> **Stored data**:
# # # # #
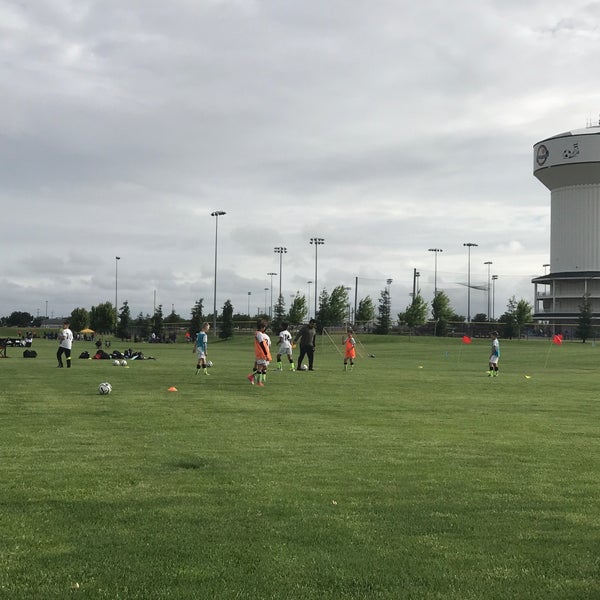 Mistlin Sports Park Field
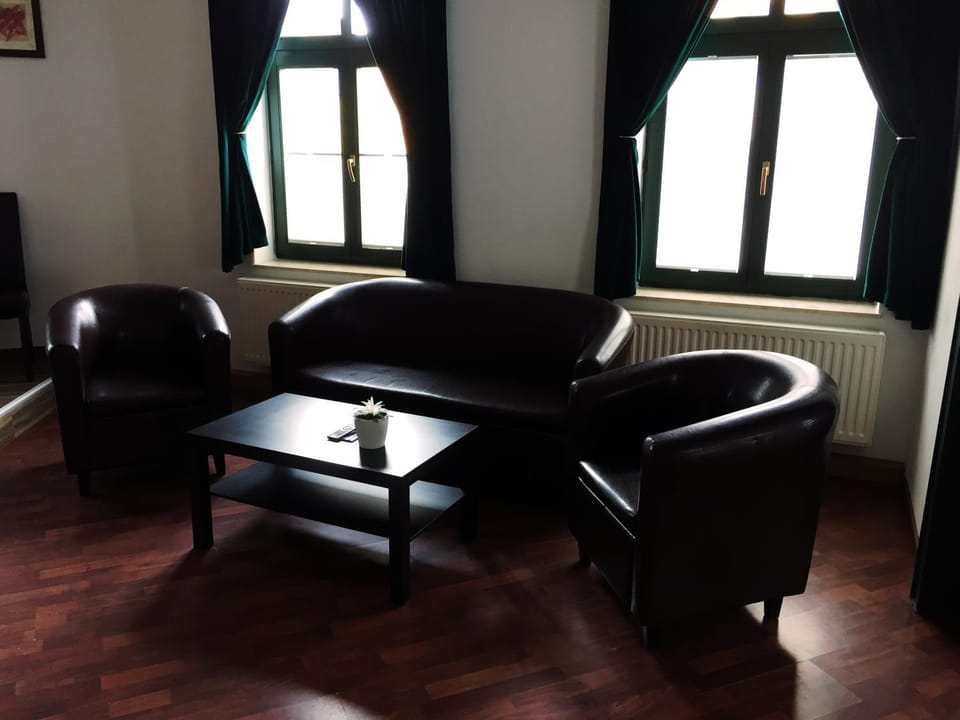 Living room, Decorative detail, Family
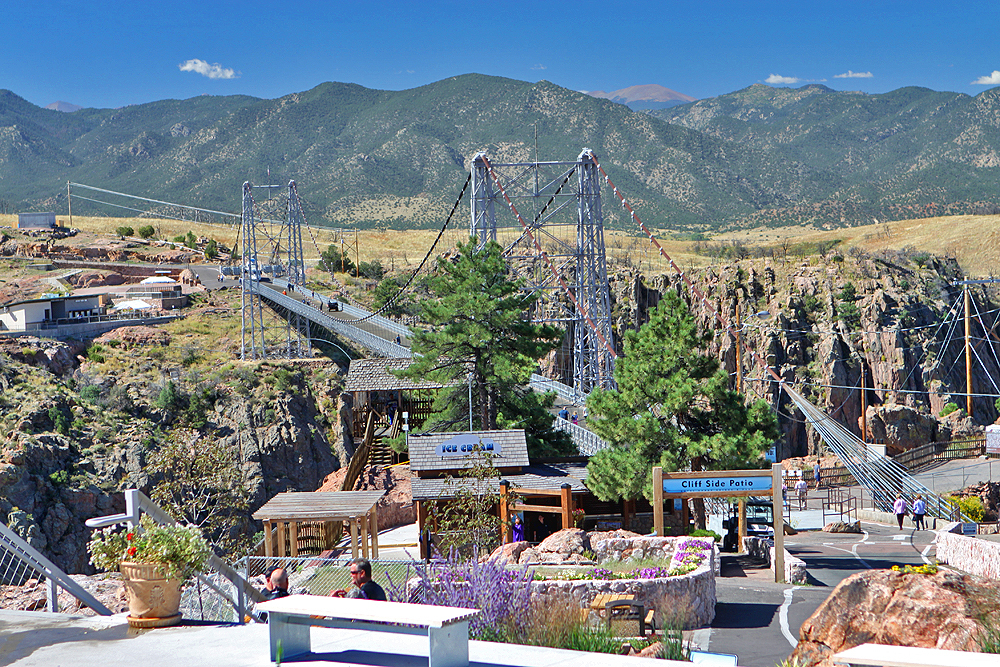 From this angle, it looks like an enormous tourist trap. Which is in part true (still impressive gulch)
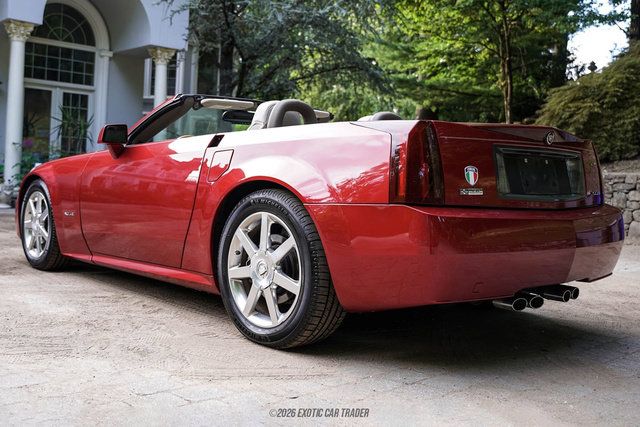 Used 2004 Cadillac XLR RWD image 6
# # # # #
> **What the exercise asks**: Reproduce the material word for word. Skip every picture it holds.

> **Solution to the problem**:
 Mistlin Sports Park Field
 Living room, Decorative detail, Family
 From this angle, it looks like an enormous tourist trap. Which is in part true (still impressive gulch)
 Used 2004 Cadillac XLR RWD image 6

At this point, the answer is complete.